When the line containing "Nicola Spring 3X" is found in the data below, copy it and each line after it through the line containing "フランス アンティーク tin can 木蓋 キャニスター 6個セット ティン缶", exactly and with no others.
== RAW DATA
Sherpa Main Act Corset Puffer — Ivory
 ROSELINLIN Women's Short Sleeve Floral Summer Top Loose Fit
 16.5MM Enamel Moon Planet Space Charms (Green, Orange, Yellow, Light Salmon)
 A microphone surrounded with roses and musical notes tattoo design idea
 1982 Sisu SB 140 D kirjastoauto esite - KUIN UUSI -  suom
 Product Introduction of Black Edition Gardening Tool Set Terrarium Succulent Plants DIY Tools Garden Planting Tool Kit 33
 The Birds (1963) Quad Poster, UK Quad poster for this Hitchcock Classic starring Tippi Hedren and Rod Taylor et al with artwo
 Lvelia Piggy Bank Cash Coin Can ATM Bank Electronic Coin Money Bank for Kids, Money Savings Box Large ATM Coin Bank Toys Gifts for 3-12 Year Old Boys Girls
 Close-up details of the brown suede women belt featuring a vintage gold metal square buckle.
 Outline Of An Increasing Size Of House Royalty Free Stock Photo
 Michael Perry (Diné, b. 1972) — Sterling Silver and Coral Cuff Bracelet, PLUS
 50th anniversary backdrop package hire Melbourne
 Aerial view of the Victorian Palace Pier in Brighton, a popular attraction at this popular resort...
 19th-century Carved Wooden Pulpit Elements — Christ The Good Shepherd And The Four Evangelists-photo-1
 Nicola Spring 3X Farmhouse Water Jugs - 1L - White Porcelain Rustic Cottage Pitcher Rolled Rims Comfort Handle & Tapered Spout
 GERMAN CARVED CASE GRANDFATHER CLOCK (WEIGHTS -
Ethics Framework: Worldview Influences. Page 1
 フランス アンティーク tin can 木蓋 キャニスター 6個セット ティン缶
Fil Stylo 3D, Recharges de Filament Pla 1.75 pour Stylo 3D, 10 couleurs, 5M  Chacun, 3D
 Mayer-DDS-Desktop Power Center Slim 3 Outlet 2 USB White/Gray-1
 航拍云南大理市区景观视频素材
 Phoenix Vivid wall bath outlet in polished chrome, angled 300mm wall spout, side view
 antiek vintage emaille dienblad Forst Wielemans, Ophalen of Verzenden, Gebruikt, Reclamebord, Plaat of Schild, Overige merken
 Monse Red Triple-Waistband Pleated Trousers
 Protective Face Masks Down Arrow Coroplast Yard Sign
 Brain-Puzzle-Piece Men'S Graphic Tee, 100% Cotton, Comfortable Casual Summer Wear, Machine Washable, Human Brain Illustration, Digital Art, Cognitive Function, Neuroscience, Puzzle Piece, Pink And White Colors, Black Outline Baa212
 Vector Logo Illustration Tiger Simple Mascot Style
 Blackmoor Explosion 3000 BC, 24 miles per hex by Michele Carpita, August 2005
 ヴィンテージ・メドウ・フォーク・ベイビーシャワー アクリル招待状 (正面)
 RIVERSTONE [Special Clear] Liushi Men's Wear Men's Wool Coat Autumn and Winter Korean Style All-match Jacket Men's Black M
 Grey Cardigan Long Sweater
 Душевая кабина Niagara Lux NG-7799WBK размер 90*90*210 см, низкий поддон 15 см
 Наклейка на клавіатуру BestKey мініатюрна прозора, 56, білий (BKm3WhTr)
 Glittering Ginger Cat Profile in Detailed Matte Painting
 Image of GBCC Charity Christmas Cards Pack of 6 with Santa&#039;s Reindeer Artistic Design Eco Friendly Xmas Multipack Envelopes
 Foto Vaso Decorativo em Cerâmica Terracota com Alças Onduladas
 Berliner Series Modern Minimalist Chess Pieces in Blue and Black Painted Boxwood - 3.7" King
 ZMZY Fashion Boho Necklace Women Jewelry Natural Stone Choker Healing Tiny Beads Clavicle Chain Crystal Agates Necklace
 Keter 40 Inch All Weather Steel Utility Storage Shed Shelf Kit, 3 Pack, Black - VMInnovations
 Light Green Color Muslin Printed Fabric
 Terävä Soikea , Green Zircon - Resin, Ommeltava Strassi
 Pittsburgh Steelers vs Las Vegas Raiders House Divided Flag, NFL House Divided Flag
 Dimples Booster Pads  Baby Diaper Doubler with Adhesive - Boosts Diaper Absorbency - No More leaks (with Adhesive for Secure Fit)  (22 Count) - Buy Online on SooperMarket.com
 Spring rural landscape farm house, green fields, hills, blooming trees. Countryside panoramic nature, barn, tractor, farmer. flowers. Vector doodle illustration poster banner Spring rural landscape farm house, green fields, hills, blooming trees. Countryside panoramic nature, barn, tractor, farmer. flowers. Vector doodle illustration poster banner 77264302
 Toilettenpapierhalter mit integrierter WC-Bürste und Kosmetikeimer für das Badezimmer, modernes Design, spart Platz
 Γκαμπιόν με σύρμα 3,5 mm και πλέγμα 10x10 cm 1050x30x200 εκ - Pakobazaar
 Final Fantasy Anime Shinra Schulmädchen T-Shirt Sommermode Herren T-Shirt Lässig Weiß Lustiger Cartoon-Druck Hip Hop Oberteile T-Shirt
====
=== WRITTEN SOLUTION ===
 Nicola Spring 3X Farmhouse Water Jugs - 1L - White Porcelain Rustic Cottage Pitcher Rolled Rims Comfort Handle & Tapered Spout
 GERMAN CARVED CASE GRANDFATHER CLOCK (WEIGHTS -
Ethics Framework: Worldview Influences. Page 1
 フランス アンティーク tin can 木蓋 キャニスター 6個セット ティン缶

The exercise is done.